Advantages of Crummey Trusts Over 529 Savings Accounts
Distributions may be made from a Crummey trust to the beneficiary for any purpose permitted by the trust instrument without adverse tax consequences. In contrast, distributions from a 529 savings account that are not for qualified higher education expenses will generally be subject to adverse income taxation and a penalty tax. Further, because the Trustee is subject to fiduciary duties, the Trustee cannot divert the trust assets to non-beneficiaries or to the Trustee.
Disadvantages of Crummey Trusts Over 529 Savings Accounts
On the other hand, earnings on investments held in a Crummey trust are subject to income taxes even if used for qualified higher education expenses.
The requirement that the beneficiaries be given notice of each contribution to the trust and of the beneficiaries' right of withdrawal over such contribution imposes some administrative responsibilities on the Trustee.

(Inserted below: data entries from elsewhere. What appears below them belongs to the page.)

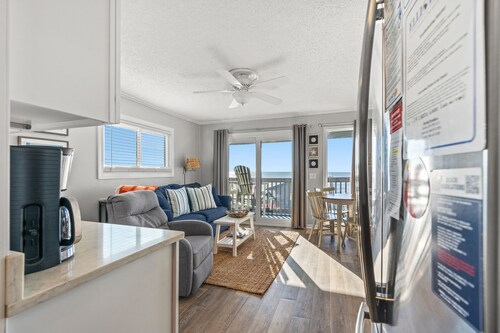 Direct Ocean Front Condo - Sea Cabin 207 - 1 Bed/1 Bath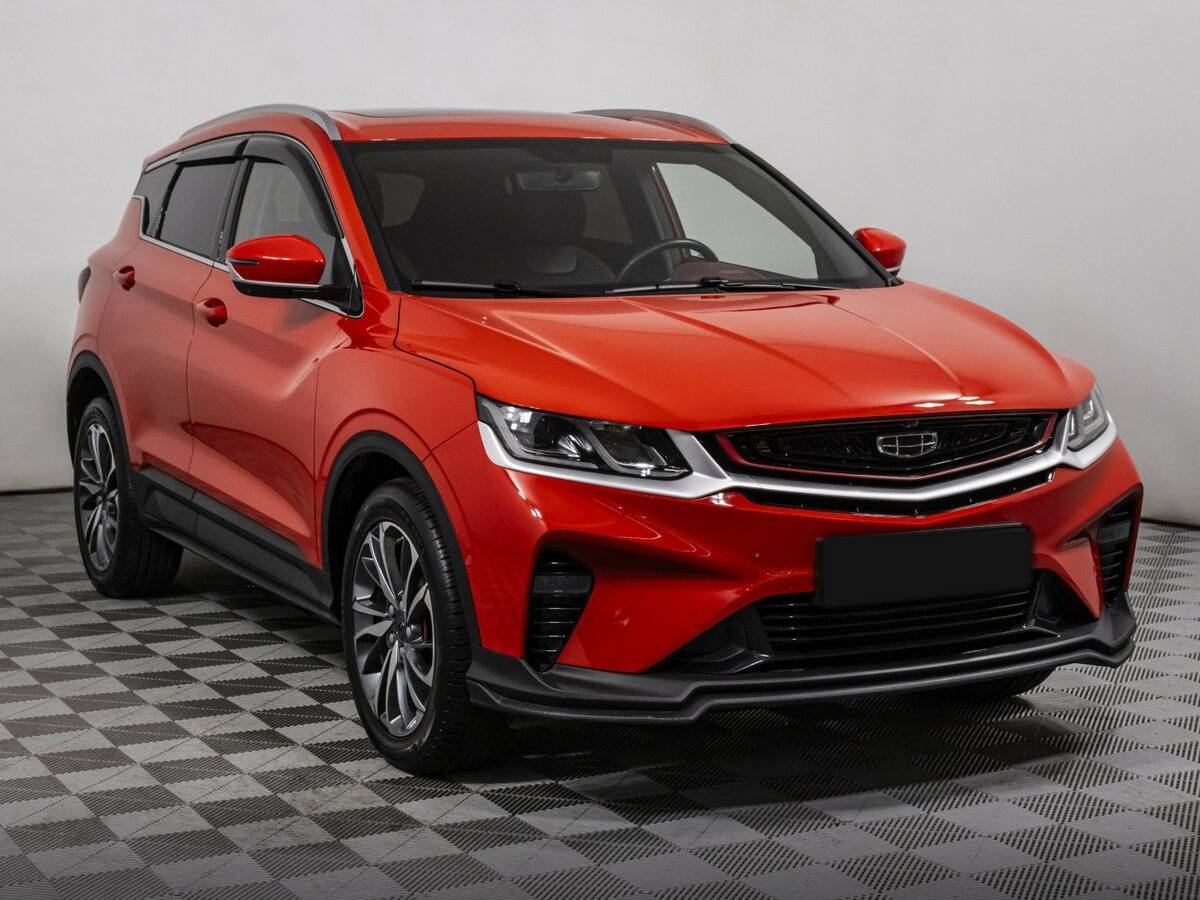 Geely Coolray 2022 года с пробегом. Фото: #2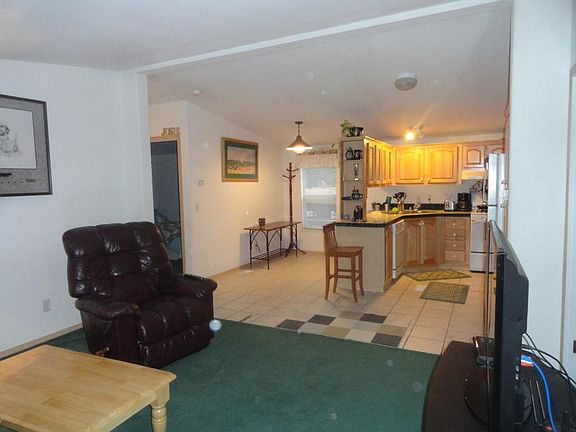 Living room 2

Further, the beneficiaries may exercise the right of withdrawal, which may not be the result for which the donor hoped.
Finally, a Crummey trust should be prepared by an attorney, while 529 savings accounts are often created without the assistance of an attorney.
To comply with certain Treasury regulations, we state that (i) this article is written to support the promotion and marketing of the transactions or matters addressed herein, (ii) this article is not intended or written to be used, and cannot be used, by any person for the purpose of avoiding U.S. federal tax penalties that may be imposed on such person and (iii) each taxpayer should seek advice based on the taxpayer's particular circumstances from an independent tax advisor.